Today’s guest blogger, Amanda Cockshutt, writes her thoughts on a Middletown, Ohio, editorial, which opposed a school board’s proposal to eliminate the grading of homework. Amanda, who lives in New Brunswick, Canada, was instrumental in getting her local elementary school to reexamine its homework policy. Her school now has no homework on nights of major school events and there are two weeks per year where there is be no homework other than reading.
Muddled Thinking in Middletown, Ohio
by Amanda M Cockshutt, PhD
I read with interest the editorial by the concerned folk of Middletown concerning the school board’s proposal to stop the grading of homework. I think that the proposal is progressive and clearly attempts to preserve standards rather than lower them.
The authors of the editorial seem absolutely convinced that stopping the grading of homework will lower standards and ruin their children’s chances of success. Having not seen the proposal I can’t be sure, but I would be surprised if the lowering of expectations was a stated policy of the school board’s initiative.
Rather, it seems, that the board wants to level the playing field. I would interpret this to mean that all the same benchmarks of student performance will be used, except the grading of homework. In other words, tests and exams will be as difficult.
All teachers, professors… know that when student work is completed outside of the classroom there is a very good chance that others have “participated” in that work. If that work is graded, then the student has been rewarded for work they have not completed alone. If the work is not graded, then the contributions of others are either neutral or actually serve to help the student understand how the work should have been done. It’s a win win situation.
I cannot understand why parents would oppose the elimination of grading of homework unless they are participating a little too actively in the homework process. If they are strong in their conviction that homework improves the academic achievement of their children (a position that research does not support strongly), then they should feel confident that the time spent on homework does in fact contribute to their children’s performance on tests, exams…
The authors suggest that the new policy will be a burden to teachers. I can’t exactly see how eliminating masses of marking is going to burden them. Perhaps the time teachers would previously have spent marking will now be devoted to designing more thoughtful and useful homework assignments. This is something that will benefit all students.

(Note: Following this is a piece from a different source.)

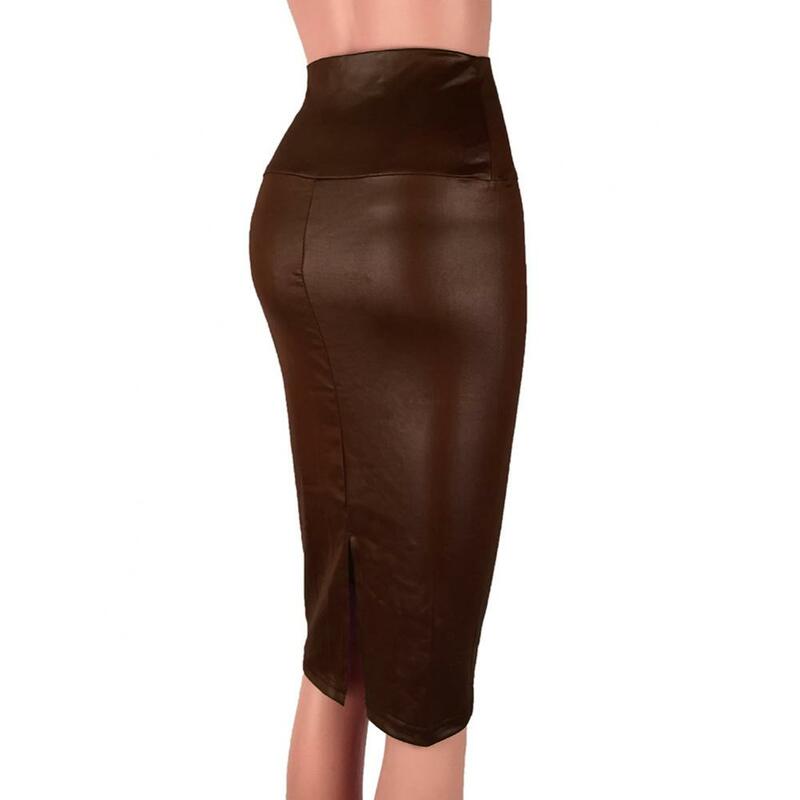 Falda de tubo de cintura alta para mujer, falda de cuero de imitación dividida hasta la rodilla, Bodycon Sexy, ropa femenina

Kudos to the school board of Middletown! Editorial authors, please think hard about what is motivating your reactionary position.
One thought on “Guest Blogger: Muddled Thinking in Middletown, Ohio”
I attended my senior year of high school in the German public schools (1979-1980). While there was a substantial homework load, grading of homework was illegal in order to prevent parents from inflating their childrens’ grade by doing portions of the homework themselves or hiring tutors to do so. My recollection is that this was a national policy.